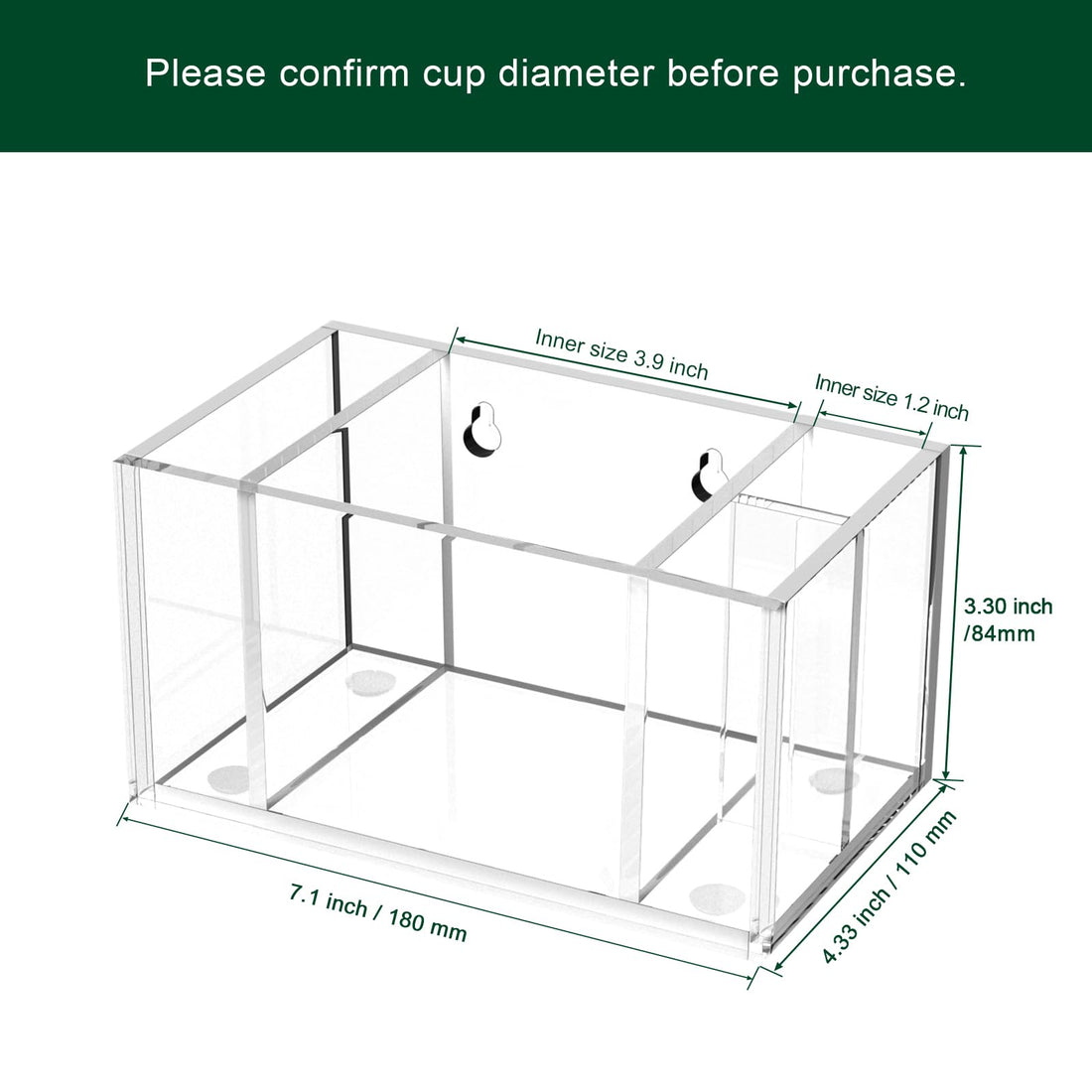 Clear Acrylic Party Cup Holder with Straw & Marker Slots – view 3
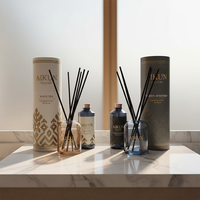 Diffuseur de parfum en verre noir de 25 ml Aikun, service rapide en petite série, personnalisé, pour jardin, avec boîte cylindrique foncée, idéal pour les cadeaux de fêtes
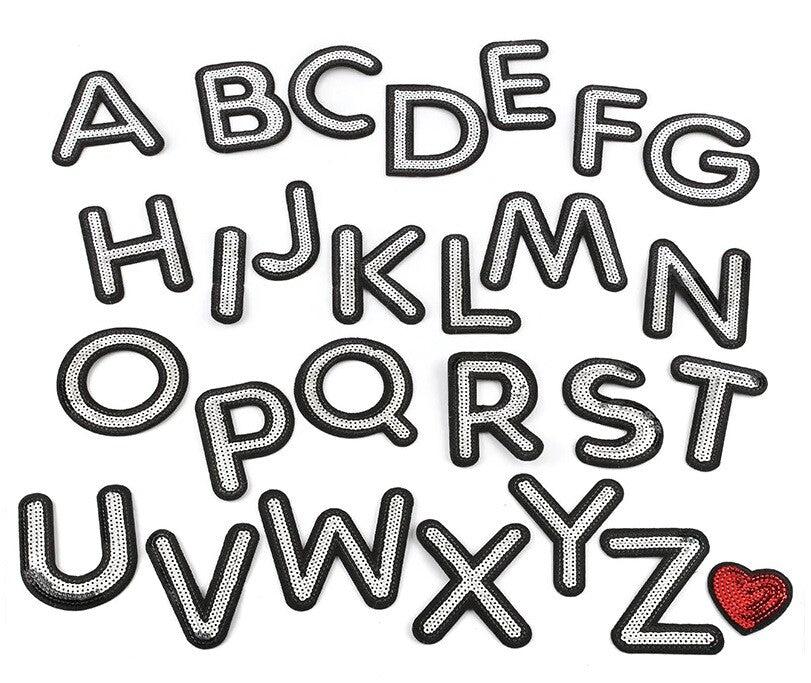 Large Silver & Black Sequins Letter Patch Iron on Alphabet Embroidery Customise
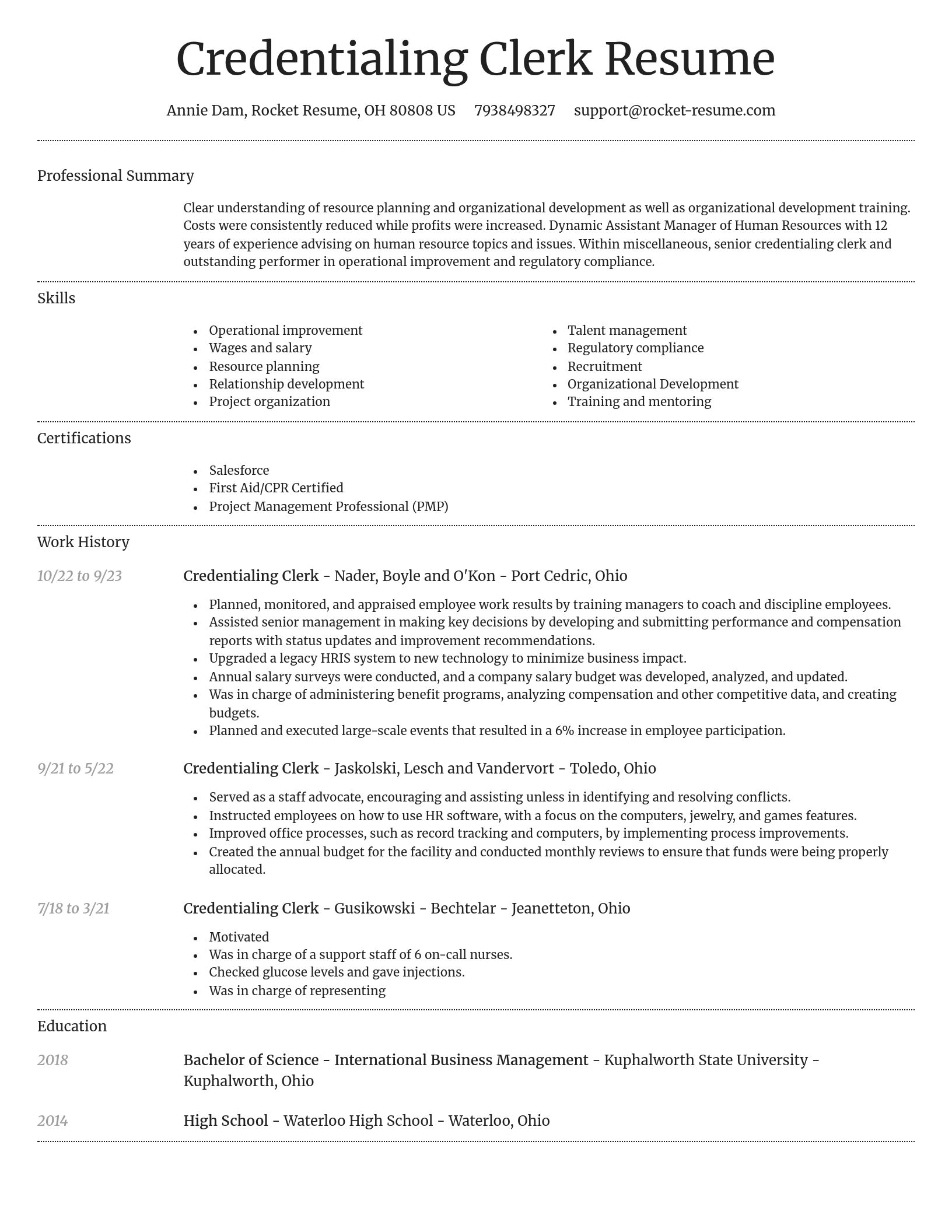 Dignified resume template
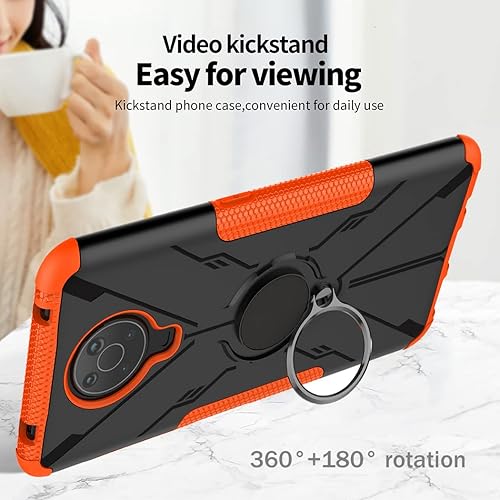 Miniatura 2 de Gufuwo Funda para Nokia G10 TA-1334, funda para Nokia G20 TA-1336 con protector de pantalla de vidrio templado, soporte de anillo de metal para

================

• _Task details_
Exactly as given, transcribe every line of the data, but not its images.

• _Solution below_
 Clear Acrylic Party Cup Holder with Straw & Marker Slots – view 3
 Diffuseur de parfum en verre noir de 25 ml Aikun, service rapide en petite série, personnalisé, pour jardin, avec boîte cylindrique foncée, idéal pour les cadeaux de fêtes
 Large Silver & Black Sequins Letter Patch Iron on Alphabet Embroidery Customise
 Dignified resume template
 Miniatura 2 de Gufuwo Funda para Nokia G10 TA-1334, funda para Nokia G20 TA-1336 con protector de pantalla de vidrio templado, soporte de anillo de metal para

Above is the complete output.